Wednesday, January 7, 2009

Consider this Post an Intermission

. Wednesday, January 7, 2009

Like many other Cubs fans lucky enough to live in the kickassest city in the world, I get a lot of my Cubs fix from WGN, even in the offseason. Their Sports Central show usually gets the first - and sometimes the best - substantive interviews with new players. Listen to a radio station often enough, and you get to know a lot of their recurring commercials ad nauseum. Get it? Ad naus ... ugh. But one in particular always makes me want to change the station.

It's for Flashpoint Academy, a tiny private college in Chicago that clearly had an employee write their Wikipedia page, and is currently the only college website I know with a picture of a helicopter and exploding skyline on their front page.
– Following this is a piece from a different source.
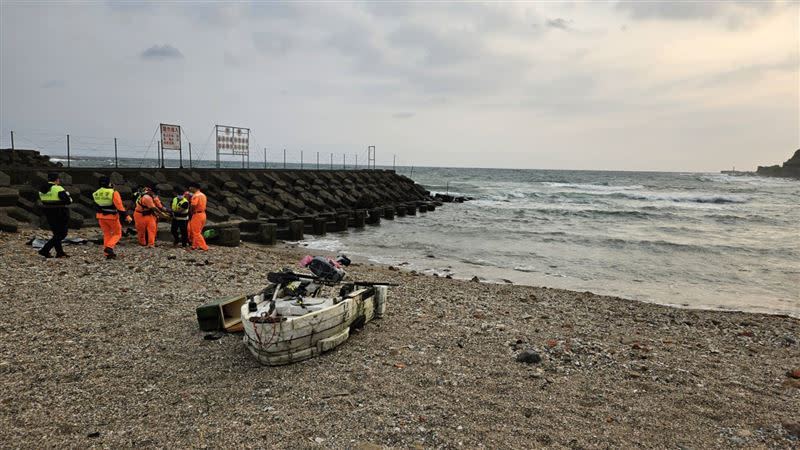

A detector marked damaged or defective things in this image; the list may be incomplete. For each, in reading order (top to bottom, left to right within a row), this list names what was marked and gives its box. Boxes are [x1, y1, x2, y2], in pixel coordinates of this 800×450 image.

damaged boat [242, 256, 396, 366]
But these things are trifles - it's the tag line of the commercials that gets me, especially as I have to hear it at least six times on my drive to work in the morning:

"Get into the media arts industry the right way, at Flashpoint Academy!"
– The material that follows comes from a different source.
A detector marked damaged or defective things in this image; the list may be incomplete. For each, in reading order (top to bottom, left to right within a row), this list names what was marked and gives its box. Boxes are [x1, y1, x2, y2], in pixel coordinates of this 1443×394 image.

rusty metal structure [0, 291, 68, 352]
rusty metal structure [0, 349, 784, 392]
Okay, so apparently going to this for-profit college is the correct manner of getting into this particular industry. Which just sort of sticks in my head (as many things tend to do when you hear them enough times). What, I would wonder, is the "wrong way" to get into the digital media arts? I have a lot of time to think while stuck on the Kennedy, so I came up with this:

Even for the talented and driven, life can turn cruel in an instant. They say past success is no indicator of an easy life in the future, but you never really realize that until you've hit rock bottom fast, without even an instant to question why it was happening. All these things went through Josh's mind as he tried to mentally put himself somewhere - anywhere - else than where he was at the moment. For him, it wasn't an act of spirituality - it was a necessity, an act of self-preservation.

The nameless, mouth-breathing creative director soon zipped up, indifferently giving Josh a couple of crumpled 20 dollar bills and the promise of some Flash or Dreamweaver work the following week. As he numbly shambled toward another inevitable humilation in the miscarriage that had become his life, Josh thought "if only I had gotten into the digital media arts industry the right way - at Flashpoint Academy." He would have cried then, but he had lost that ability years ago.

Now back to your regularly scheduled programming. I don't think this is what my 5th grade teacher had in mind when she told us to unleash our creativity on the world.